## [Work to be completed]
Lines with the word "Fashion" in them must be copied from the records below.

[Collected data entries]
━━━━━━

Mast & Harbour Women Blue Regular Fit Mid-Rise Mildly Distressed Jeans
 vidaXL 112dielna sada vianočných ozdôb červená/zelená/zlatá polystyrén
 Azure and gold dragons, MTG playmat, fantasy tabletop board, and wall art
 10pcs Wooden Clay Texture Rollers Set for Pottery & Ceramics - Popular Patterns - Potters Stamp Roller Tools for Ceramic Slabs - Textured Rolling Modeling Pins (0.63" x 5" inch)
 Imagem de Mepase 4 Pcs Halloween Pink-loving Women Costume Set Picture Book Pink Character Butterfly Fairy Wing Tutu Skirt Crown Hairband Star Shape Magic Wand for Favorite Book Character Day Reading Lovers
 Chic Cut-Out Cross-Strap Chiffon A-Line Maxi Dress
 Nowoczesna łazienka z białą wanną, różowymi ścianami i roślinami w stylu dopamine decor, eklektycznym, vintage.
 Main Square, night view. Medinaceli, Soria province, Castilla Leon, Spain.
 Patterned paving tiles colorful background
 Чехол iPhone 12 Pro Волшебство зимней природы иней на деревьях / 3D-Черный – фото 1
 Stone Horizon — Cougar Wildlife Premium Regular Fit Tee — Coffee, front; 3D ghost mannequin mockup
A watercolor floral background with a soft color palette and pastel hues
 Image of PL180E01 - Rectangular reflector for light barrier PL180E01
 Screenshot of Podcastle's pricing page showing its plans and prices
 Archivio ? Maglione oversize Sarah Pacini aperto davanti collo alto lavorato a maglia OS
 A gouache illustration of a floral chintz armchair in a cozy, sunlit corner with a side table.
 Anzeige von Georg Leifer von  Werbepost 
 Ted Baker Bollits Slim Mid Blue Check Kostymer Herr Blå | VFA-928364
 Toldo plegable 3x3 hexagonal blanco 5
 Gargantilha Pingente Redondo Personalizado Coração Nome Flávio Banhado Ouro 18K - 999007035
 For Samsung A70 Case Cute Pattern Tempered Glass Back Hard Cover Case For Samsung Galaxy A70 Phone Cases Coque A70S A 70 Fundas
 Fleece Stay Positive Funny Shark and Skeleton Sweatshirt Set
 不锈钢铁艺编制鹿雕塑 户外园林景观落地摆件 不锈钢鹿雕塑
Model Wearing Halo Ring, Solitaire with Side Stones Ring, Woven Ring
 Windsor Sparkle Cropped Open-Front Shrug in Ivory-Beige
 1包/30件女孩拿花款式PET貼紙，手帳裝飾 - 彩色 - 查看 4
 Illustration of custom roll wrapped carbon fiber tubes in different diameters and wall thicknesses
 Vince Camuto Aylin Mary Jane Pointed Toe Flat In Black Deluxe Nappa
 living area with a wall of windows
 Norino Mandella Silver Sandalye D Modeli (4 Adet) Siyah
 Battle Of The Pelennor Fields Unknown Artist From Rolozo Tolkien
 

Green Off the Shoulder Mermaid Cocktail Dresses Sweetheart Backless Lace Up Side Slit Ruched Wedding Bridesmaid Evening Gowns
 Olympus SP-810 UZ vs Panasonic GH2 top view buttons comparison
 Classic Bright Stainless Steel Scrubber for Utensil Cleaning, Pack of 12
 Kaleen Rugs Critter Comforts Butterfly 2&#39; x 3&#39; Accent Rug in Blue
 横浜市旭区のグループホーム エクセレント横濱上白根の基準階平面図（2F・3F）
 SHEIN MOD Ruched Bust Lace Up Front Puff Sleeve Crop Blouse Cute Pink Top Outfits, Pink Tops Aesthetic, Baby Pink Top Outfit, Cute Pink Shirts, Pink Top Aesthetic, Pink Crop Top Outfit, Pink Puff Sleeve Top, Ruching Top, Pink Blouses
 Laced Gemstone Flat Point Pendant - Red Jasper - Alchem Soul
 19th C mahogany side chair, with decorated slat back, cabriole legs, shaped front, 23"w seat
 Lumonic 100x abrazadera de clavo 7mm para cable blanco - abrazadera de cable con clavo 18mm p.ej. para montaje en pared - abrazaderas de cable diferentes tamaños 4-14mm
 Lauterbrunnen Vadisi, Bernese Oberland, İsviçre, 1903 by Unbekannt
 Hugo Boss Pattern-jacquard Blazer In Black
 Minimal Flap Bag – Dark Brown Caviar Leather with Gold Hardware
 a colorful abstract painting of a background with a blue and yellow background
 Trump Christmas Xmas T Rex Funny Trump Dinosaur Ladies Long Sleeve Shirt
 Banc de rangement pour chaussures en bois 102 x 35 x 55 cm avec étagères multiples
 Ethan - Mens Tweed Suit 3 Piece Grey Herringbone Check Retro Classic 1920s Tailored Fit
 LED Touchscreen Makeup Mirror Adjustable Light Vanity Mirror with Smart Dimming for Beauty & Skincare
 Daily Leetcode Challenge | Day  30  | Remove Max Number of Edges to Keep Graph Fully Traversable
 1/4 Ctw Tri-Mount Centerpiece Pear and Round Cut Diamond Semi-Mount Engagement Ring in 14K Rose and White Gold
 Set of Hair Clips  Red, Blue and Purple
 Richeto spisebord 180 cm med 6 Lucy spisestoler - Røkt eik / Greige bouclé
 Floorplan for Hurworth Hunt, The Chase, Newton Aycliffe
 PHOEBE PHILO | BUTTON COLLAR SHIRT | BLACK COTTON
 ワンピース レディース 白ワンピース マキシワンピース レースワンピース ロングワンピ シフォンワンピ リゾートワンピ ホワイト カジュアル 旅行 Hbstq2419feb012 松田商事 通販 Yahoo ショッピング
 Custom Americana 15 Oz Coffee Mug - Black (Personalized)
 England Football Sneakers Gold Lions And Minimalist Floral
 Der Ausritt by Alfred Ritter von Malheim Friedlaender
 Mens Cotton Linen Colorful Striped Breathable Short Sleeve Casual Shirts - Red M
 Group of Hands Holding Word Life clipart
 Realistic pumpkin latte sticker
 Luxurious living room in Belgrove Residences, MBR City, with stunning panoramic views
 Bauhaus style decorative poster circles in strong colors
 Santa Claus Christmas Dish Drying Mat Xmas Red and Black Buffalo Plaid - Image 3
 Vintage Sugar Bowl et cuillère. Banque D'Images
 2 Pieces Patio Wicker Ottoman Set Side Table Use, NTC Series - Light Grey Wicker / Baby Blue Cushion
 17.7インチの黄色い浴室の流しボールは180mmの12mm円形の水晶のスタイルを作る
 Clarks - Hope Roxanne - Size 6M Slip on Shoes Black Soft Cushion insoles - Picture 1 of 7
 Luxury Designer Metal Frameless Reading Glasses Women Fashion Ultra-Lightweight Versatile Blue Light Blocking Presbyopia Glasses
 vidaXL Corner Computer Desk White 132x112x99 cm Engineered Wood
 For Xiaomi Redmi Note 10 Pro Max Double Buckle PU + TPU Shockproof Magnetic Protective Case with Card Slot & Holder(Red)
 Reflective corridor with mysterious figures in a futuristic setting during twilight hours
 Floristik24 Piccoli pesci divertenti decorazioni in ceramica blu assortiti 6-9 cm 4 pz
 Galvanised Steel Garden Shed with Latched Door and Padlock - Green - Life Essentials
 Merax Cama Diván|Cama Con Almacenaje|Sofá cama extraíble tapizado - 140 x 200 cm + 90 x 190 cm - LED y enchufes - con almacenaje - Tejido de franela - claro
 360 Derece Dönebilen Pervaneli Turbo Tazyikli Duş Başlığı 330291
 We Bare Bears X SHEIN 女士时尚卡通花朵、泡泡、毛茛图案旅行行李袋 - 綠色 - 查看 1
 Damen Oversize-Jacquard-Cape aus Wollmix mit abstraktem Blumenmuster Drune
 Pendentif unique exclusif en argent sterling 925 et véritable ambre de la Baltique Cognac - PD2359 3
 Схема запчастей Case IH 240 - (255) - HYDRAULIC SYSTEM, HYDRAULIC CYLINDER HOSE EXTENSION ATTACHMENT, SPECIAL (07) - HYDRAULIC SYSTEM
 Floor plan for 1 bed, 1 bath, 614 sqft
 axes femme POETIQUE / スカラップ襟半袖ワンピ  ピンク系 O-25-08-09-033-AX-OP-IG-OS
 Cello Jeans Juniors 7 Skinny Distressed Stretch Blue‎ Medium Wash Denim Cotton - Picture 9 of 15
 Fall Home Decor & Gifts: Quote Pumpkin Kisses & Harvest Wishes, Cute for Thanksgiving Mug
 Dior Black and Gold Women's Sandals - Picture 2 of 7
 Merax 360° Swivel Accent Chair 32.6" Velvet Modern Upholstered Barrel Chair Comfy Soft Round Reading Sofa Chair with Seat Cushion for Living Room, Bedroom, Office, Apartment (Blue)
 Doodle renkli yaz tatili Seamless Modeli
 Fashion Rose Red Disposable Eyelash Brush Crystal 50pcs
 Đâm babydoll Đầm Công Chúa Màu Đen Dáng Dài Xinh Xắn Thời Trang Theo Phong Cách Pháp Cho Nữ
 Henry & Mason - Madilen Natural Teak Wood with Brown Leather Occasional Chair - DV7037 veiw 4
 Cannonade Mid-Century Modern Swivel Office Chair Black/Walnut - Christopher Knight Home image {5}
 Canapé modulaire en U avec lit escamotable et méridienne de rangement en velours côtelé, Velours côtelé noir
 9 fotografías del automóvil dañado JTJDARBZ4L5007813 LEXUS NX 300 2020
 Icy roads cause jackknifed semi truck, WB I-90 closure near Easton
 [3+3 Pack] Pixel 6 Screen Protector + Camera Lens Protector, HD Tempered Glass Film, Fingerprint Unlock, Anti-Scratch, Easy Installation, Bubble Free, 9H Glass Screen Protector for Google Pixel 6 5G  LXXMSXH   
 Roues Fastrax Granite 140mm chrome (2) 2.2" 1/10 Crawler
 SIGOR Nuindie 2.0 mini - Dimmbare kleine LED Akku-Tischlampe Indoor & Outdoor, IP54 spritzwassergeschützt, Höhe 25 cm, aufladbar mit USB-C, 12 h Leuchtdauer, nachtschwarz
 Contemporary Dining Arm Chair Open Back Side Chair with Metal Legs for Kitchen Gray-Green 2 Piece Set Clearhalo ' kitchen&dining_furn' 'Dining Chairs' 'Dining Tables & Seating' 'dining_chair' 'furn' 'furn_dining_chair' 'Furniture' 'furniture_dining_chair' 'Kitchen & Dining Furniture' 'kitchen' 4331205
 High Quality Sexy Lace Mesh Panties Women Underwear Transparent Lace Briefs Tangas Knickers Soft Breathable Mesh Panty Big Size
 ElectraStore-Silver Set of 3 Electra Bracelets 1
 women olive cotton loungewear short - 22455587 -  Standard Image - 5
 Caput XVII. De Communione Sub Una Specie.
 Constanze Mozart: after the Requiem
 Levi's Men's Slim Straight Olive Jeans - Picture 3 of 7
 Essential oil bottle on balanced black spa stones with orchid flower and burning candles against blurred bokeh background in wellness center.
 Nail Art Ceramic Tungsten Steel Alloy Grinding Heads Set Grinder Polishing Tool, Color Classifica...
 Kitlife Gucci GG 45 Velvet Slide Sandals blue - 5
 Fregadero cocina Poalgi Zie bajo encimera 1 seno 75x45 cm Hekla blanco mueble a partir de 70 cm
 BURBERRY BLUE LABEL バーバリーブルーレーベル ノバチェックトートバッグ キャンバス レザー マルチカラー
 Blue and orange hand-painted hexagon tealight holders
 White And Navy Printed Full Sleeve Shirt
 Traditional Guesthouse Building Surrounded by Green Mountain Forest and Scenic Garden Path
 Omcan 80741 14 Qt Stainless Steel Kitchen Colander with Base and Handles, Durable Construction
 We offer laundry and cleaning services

━━━━━━

## [Answer to this problem]
 Luxury Designer Metal Frameless Reading Glasses Women Fashion Ultra-Lightweight Versatile Blue Light Blocking Presbyopia Glasses
 Fashion Rose Red Disposable Eyelash Brush Crystal 50pcs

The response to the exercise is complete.